- _Exercise description_: Transcribe word for word each line from the one containing "nisanda beyaza Sarayı" to the final line of the data, both included. Skip the pictures.

BEGIN Material provided

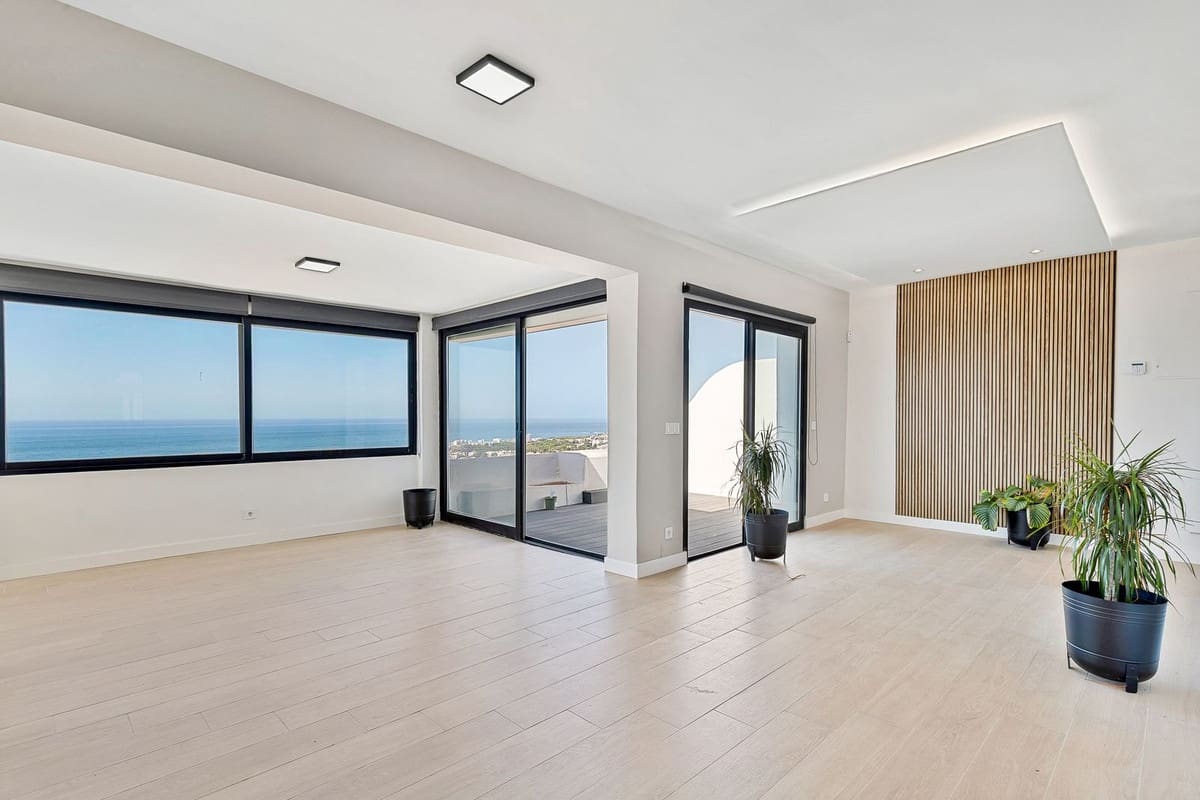 3 bedroom Penthouse for sale in Mijas Costa with pool - € 559,000 (Ref: 9893082)
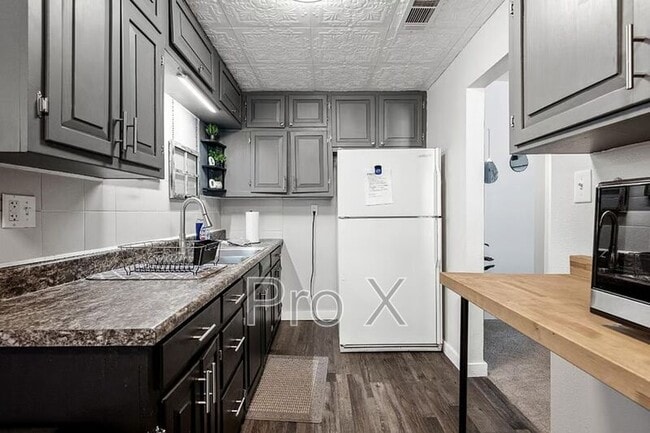 Building Photo - 415 N Pennsylvania St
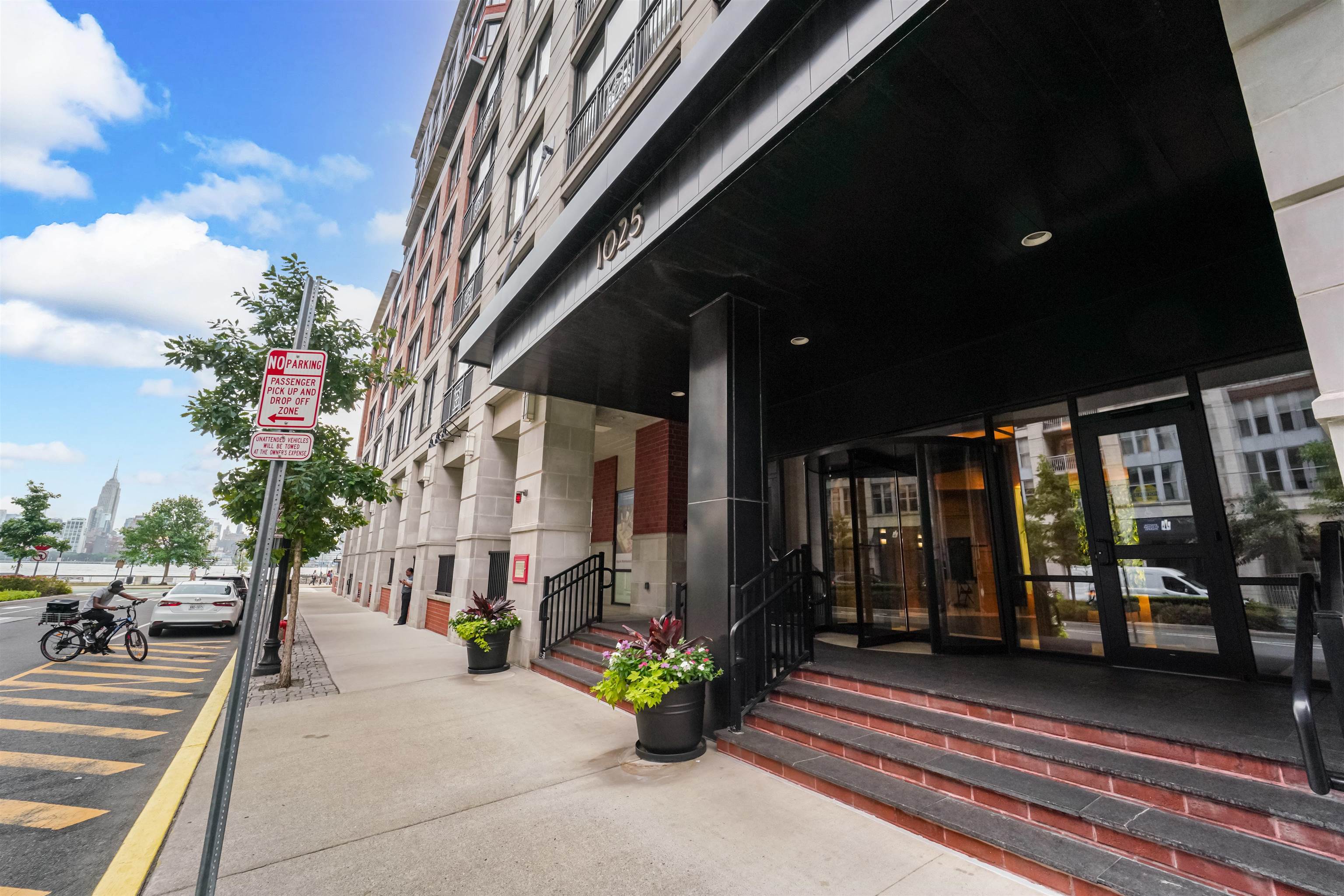 1025 MAXWELL LANE Unit 411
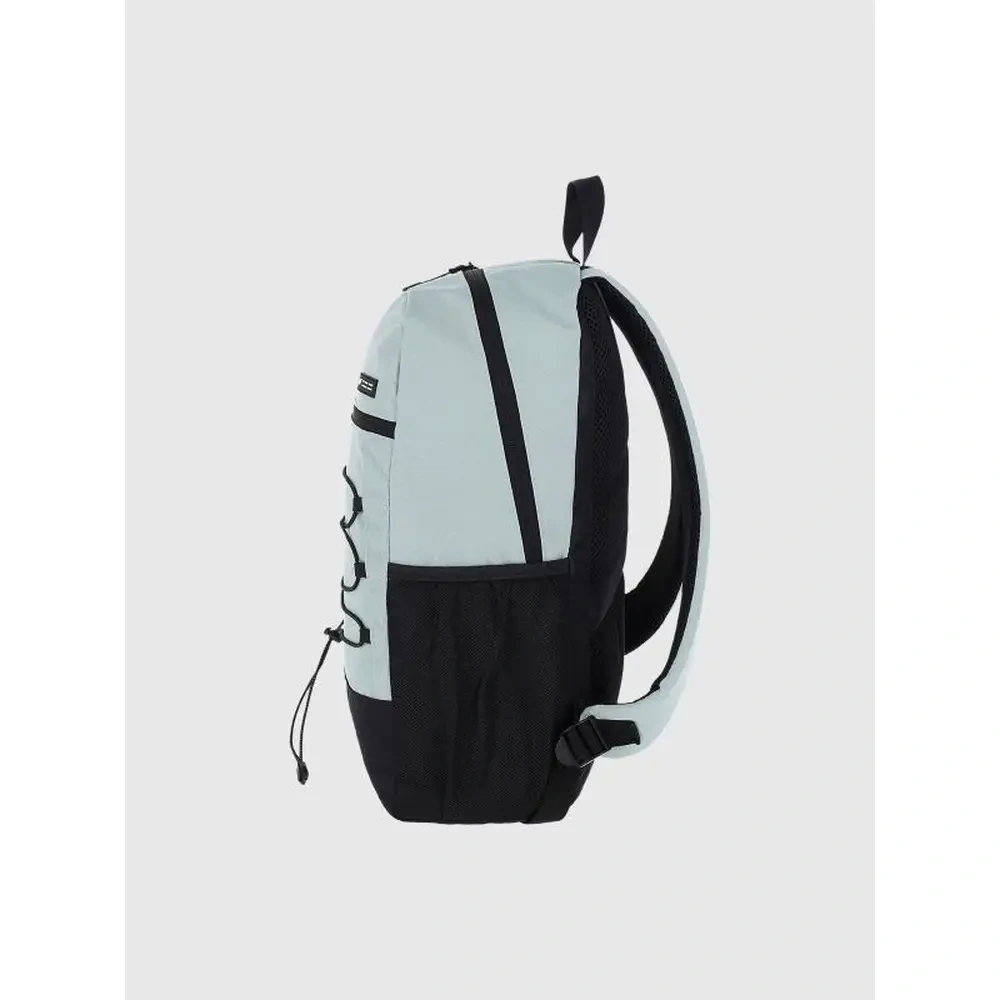 xlarge-clean_24f30b6719cd0761.webp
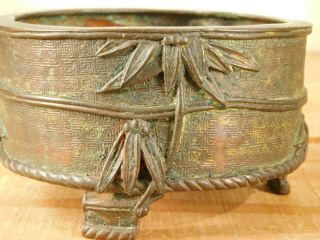 Unusual Antique Chinese Bronze Footed Jar Vessel Tripod Censer 6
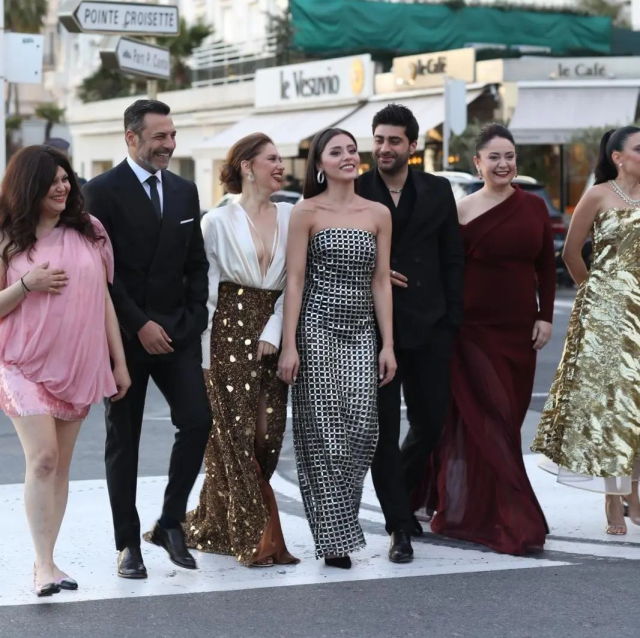 Kızılcık Şerbeti ekibi Cannes'da! Feyza Civelek'in kombini alay konusu oldu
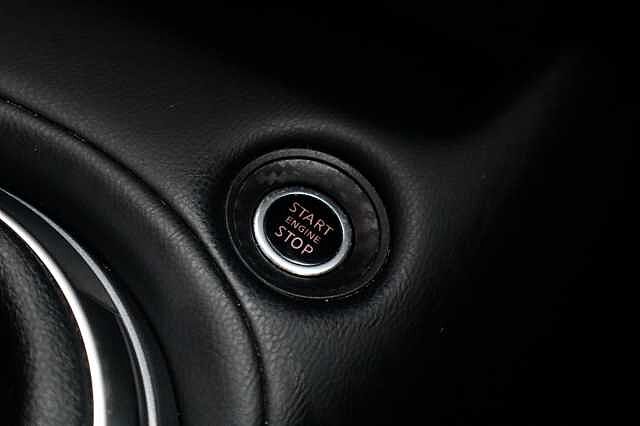 Nissan Juke 1.0 DIG-T N-Connecta SUV 5dr Petrol Manual Euro 6 (s/s) (114 ps)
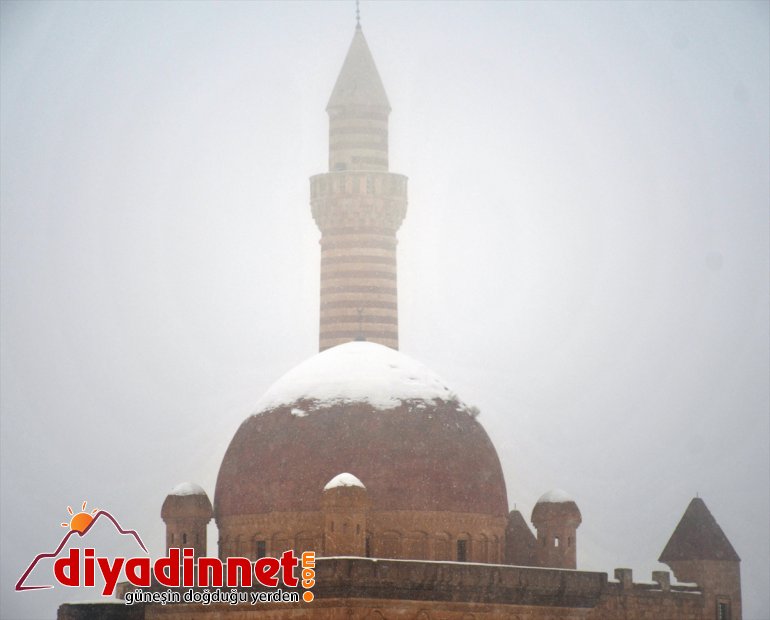 nisanda beyaza Sarayı Paşa Tarihi büründü - AĞRI İshak 5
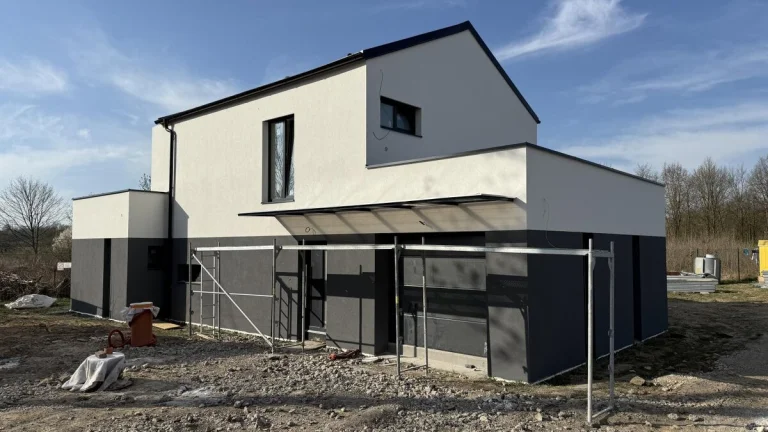 Prodej rodinného domu 150 m, pozemek 700 m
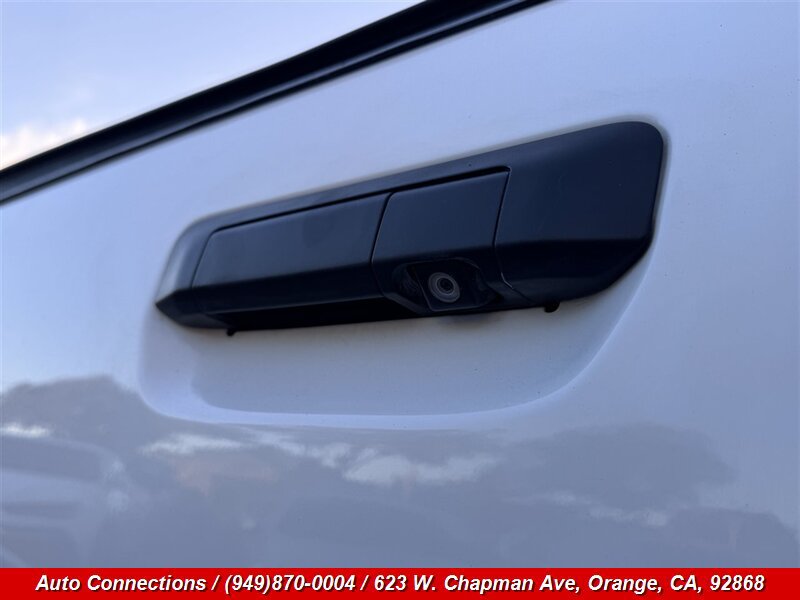 Used 2013 Toyota Tacoma PreRunner w/ SR5 Pkg RWD image 24
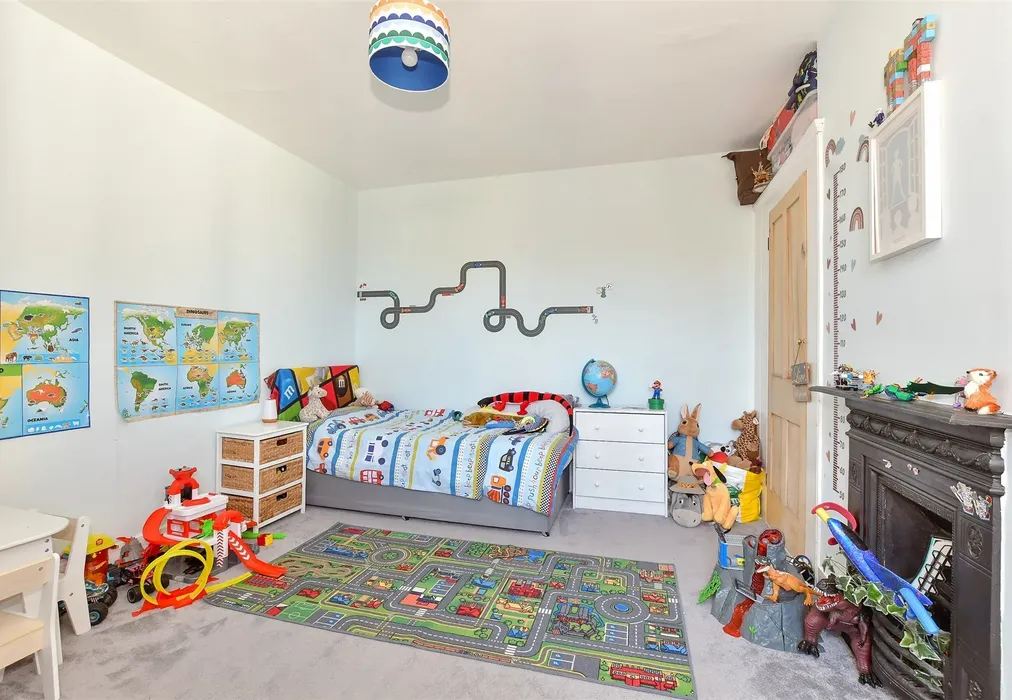 Bedroom 2 - Guildford Road, Canterbury, Kent - Wards of Kent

END Material provided

- _Reply to the exercise_:
 nisanda beyaza Sarayı Paşa Tarihi büründü - AĞRI İshak 5
 Prodej rodinného domu 150 m, pozemek 700 m
 Used 2013 Toyota Tacoma PreRunner w/ SR5 Pkg RWD image 24
 Bedroom 2 - Guildford Road, Canterbury, Kent - Wards of Kent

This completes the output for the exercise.